ちょっと短いお話集
 だが、再び俺は目を覚ましてしまった。

 今度は病院のベットでだ。
 白い天井が見え、沢山のチューブが俺の体につながっているようだ、その周りでは白衣をいた医者や看護婦が忙しく動き回っている。

 なあ、おれはどうなった。

 かすれている意識を振り絞って、医者に聞こうとする。
 だが、声は出ない。

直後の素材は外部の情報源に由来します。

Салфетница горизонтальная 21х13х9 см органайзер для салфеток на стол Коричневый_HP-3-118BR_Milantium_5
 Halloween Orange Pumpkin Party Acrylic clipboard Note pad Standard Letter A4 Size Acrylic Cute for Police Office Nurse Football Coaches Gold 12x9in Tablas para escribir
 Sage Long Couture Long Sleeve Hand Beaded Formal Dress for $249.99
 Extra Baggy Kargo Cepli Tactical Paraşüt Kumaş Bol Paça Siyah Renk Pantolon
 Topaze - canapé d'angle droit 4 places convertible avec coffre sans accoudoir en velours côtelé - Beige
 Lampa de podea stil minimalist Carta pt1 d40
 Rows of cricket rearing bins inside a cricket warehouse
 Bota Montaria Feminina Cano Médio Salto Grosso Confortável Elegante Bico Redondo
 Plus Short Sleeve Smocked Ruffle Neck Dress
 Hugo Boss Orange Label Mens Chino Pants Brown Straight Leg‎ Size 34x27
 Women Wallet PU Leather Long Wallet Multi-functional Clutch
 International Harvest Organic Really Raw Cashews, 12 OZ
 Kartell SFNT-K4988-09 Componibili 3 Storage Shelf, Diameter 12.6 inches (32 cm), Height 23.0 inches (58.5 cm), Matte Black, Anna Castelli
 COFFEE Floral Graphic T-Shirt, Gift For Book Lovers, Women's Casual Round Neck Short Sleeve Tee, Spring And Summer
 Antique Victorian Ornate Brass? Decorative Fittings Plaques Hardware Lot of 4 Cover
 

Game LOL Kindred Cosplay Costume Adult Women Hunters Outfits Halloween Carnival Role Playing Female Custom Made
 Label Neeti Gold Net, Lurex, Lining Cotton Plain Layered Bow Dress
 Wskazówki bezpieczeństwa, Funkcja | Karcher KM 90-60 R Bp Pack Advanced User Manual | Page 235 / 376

今できるのは眼球を動かすことだけだ。
 ちきしょう、どうやら、また自殺に失敗しちまったようだ。

 あの高さから飛び降りても死ねないなんて、体が頑丈すぎるせいだろうか、それとも、打ち所が良かったのだろうか。
 普通なら確実に死ぬだろうに、ついていない。
 俺は眼球を動かして、何とか医者に気がついてもらおうと、もう一度喋ろうとした。

 すると、一人の男が俺に気がついた。
「ああ、すまん、すまん、これから麻酔が切れたら痛みにもだえ苦しむだろうけれど、少し、我慢してくれ、そうすれば楽になるからね」
 どれくらい我慢すれば良いですか。
「そうだね、五日間だね」
 声は出ていない、それでも相手はわかるようだ。俺の質問に返事を返してきた。